TASK PROMPT:
Repeat the data word for word, excluding every picture.

MATERIAL PROVIDED:

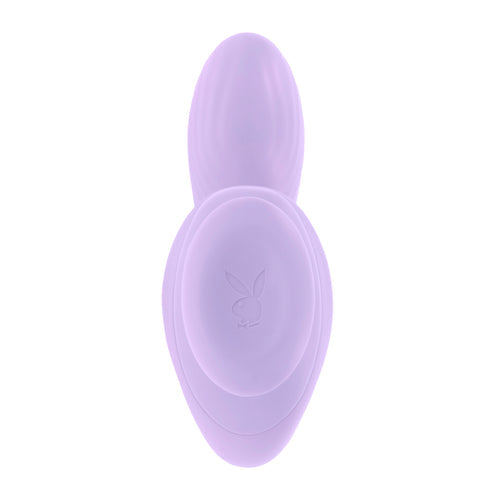 PLAYBOY REV ME UP - ENPBRS22602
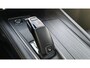 Peugeot 508 SW 1.6 HYBRID 225PK GT PACK AUTOMAAT / NAVI / LEDER / CLIMA / PDC / 18" LMV / CAMERA / KEYLESS / PANO. DAK / NIGHT VISION / I-COCKPIT / FULL-LED / WINTERPAKKET / FOCAL AUDIO / ADAPT. CRUISECONTROL / FULL-OPTIONS !!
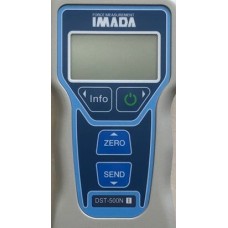 Электронный динамометр IMADA DST-500N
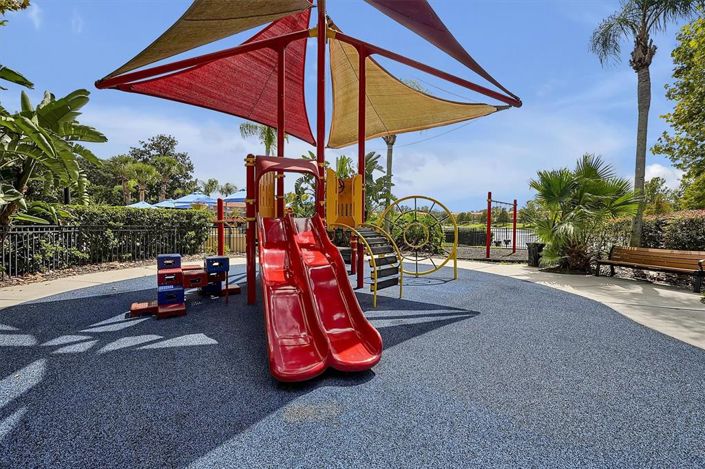 Image No.49-3 Bed Townhouse for sale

ANSWER TO THE EXERCISE:
 PLAYBOY REV ME UP - ENPBRS22602
 Peugeot 508 SW 1.6 HYBRID 225PK GT PACK AUTOMAAT / NAVI / LEDER / CLIMA / PDC / 18" LMV / CAMERA / KEYLESS / PANO. DAK / NIGHT VISION / I-COCKPIT / FULL-LED / WINTERPAKKET / FOCAL AUDIO / ADAPT. CRUISECONTROL / FULL-OPTIONS !!
 Электронный динамометр IMADA DST-500N
 Image No.49-3 Bed Townhouse for sale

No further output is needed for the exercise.